Cuda out of memory - Githubissues

CNwangbin commented 2 years ago

The process always occur out of memory whether if I gc.collect() in for loop.

zhangzhenhuajack commented 2 years ago

try reduce batchsize

CNwangbin commented 2 years ago

try reduce batchsize

the batchsize is 1, cuda memory slowly increase.

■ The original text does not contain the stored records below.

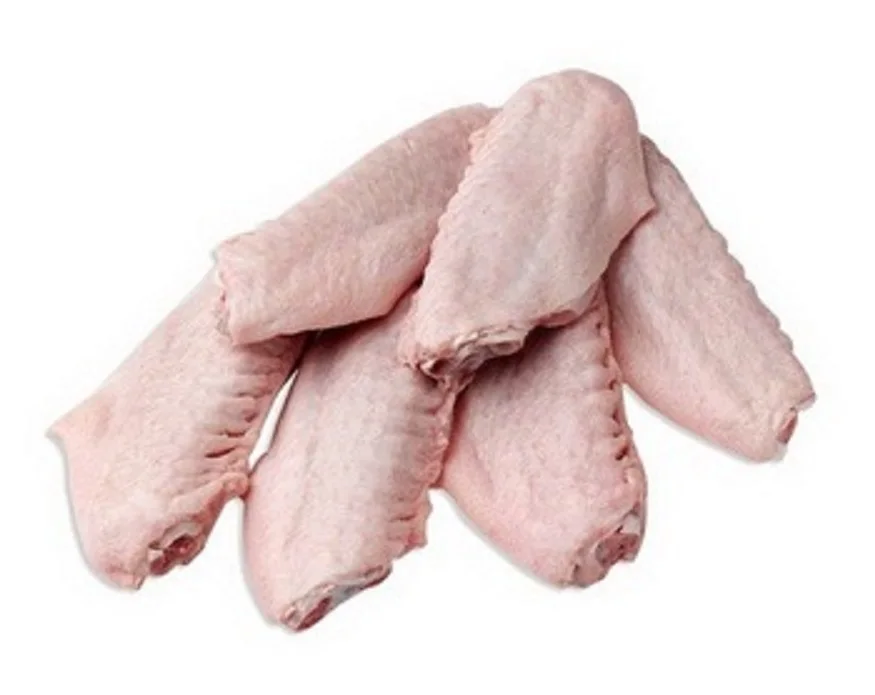 Halal Wholesale Frozen Chicken Wings For Sale at Best Price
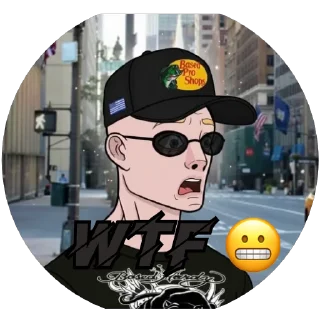 Video sticker 😀 KUBO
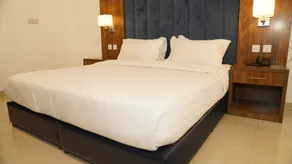 Reef Beach Hotel Apartments - Room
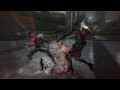 Metal Gear Rising Revengeance: This is the real Jack?! (Let&#39;s Dance Moveset)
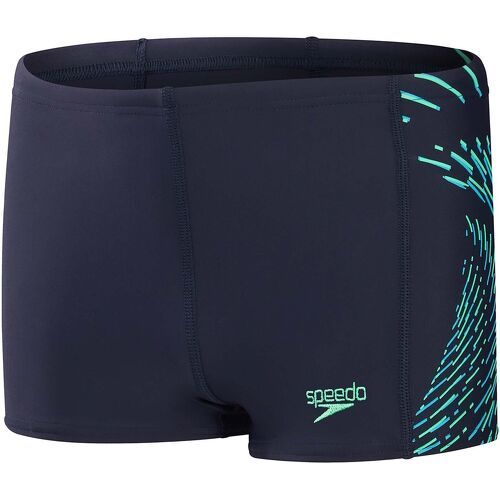 Speedo - Boxer de bain enfant Eco Plastisol Placem Aqsh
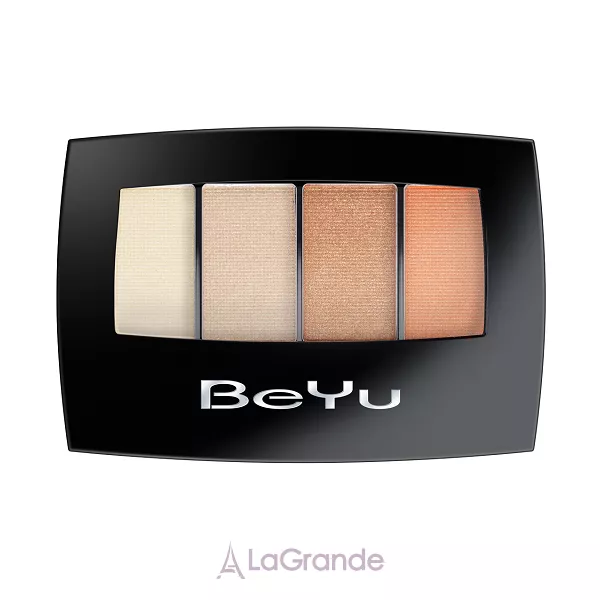 BeYu Color Catch Eye Palette ���� ��� ���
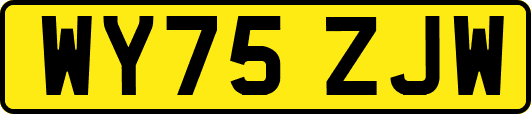 WY75ZJW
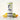 F3 PURE Citrus Clarity Energy Drink - 12 Pack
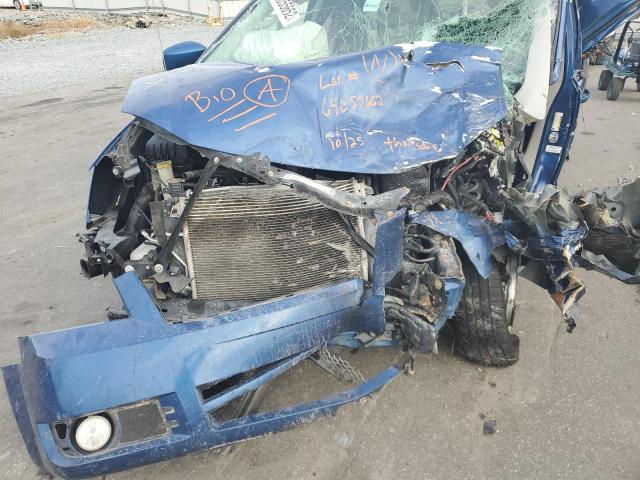 Photo 7 from auction – 2010 DODGE GRAND CARA with VIN 2D4RN5D10AR115880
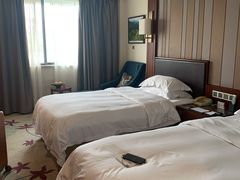 -衢州大花园国际酒店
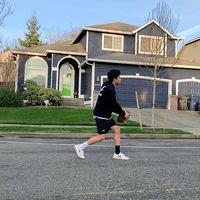 photo of Laurence O.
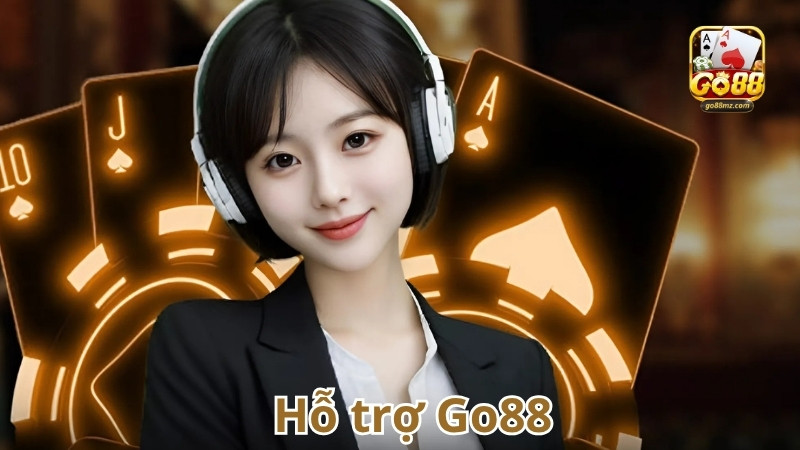 Hỗ trợ go88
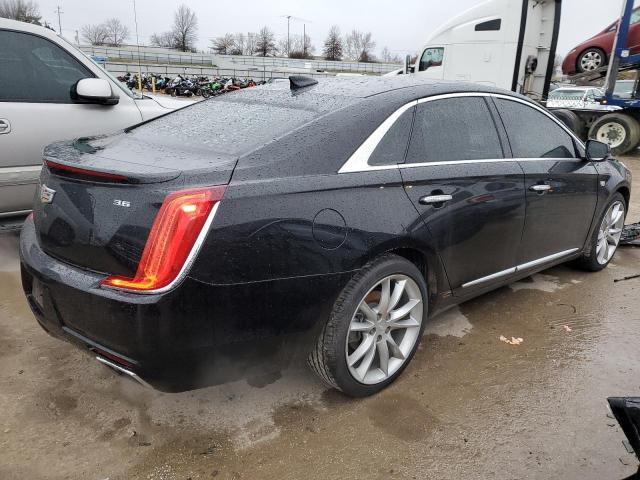 2G61R5S39K9143068 Cadillac Xts Premium Luxury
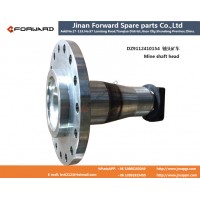 DZ9112410154   矿车轴头Mine shaft head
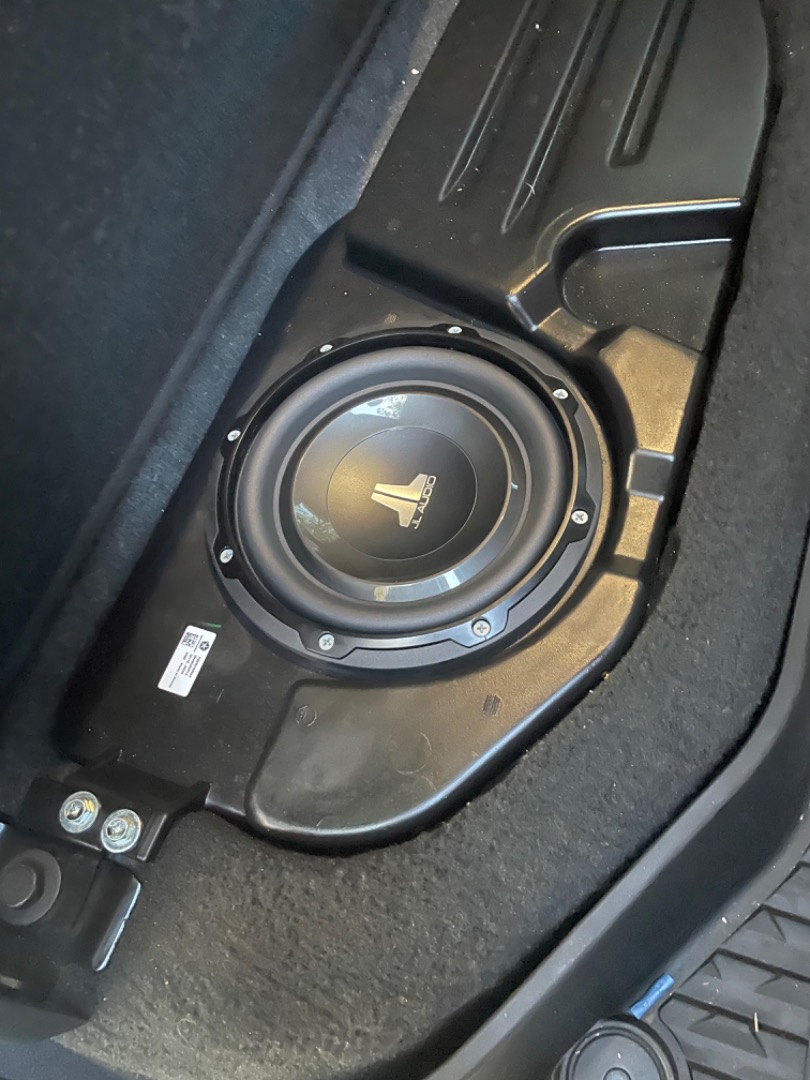 Customer review photo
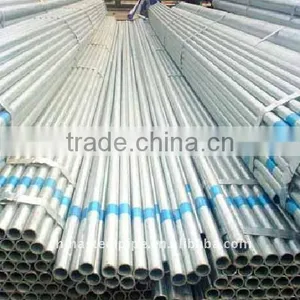 AISI 1020 Stainless Steel Seamless Pipe thumbnail-1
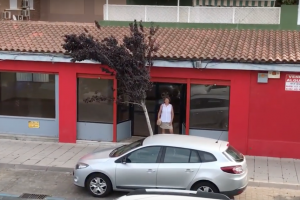 Video: Great News From Spain!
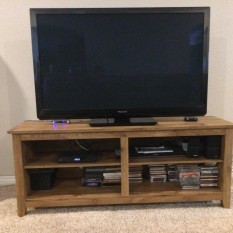 Alternate image 18 for Forest Gate&trade; Thomas 58-Inch TV Stand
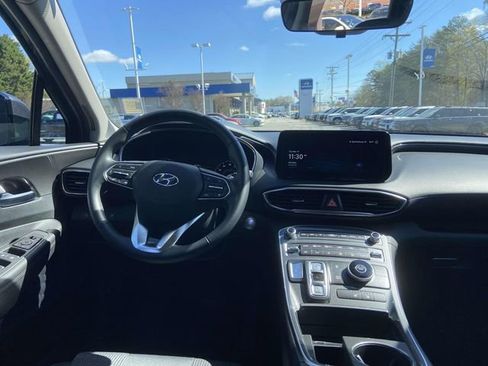 Used 2023 Hyundai Santa Fe SEL image 42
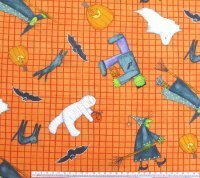 Trick-or-Trick Dreams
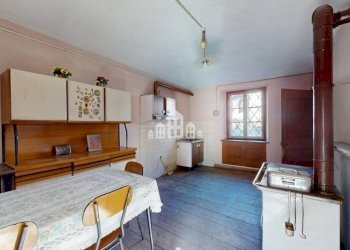 Cucina - Independent house Antonio Giono, 6, Valchiusa - photo 7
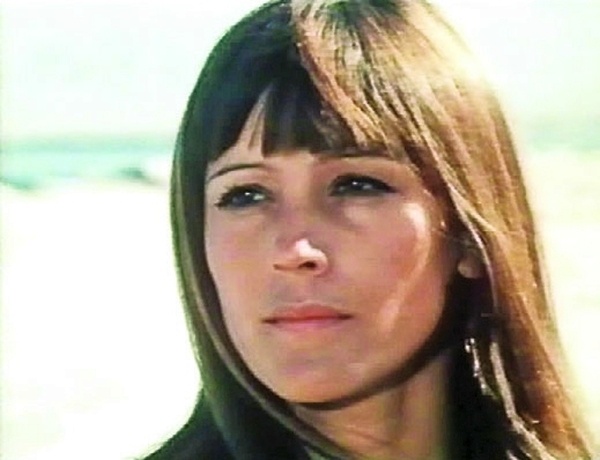 Иллюстрация к книге — Канатоходка. Автобиография [i_057.jpg]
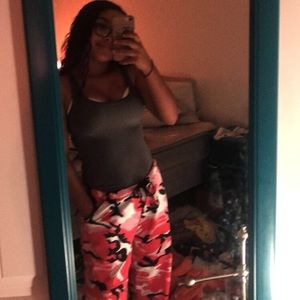 Meet your Posher, Aleya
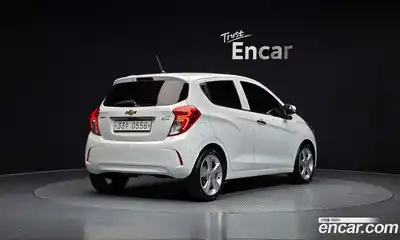 Chevrolet Spark 2016 1.0 гидро, миниатюра 2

mheinzinger commented 2 years ago

If you are already using batch_size=1, then you can try the following:

Depending on what you actually want to do, you do not need to run the whole ProtT5 model. ProtT5 consists of an Encoder and a Decoder. However, we've realized (and this aligns with results from NLP if I'm not mistaken) that if you only want to generate embeddings for downstream prediction tasks, running only the Encoder is sufficient. The Decoder is usually only needed for generation tasks. We use only the Encoder-Part of ProtT5 throughout all our experiments. This is conveniently handled by simply using the corresponding Huggingface Interface (T5EncoderModel) which strips off the Decoder for you. See an example here: https://github.com/agemagician/ProtTrans/blob/master/Embedding/PyTorch/Advanced/ProtT5-XL-UniRef50.ipynb
Use the model in half-precision; simply cast the model to fp16 via model=model.half()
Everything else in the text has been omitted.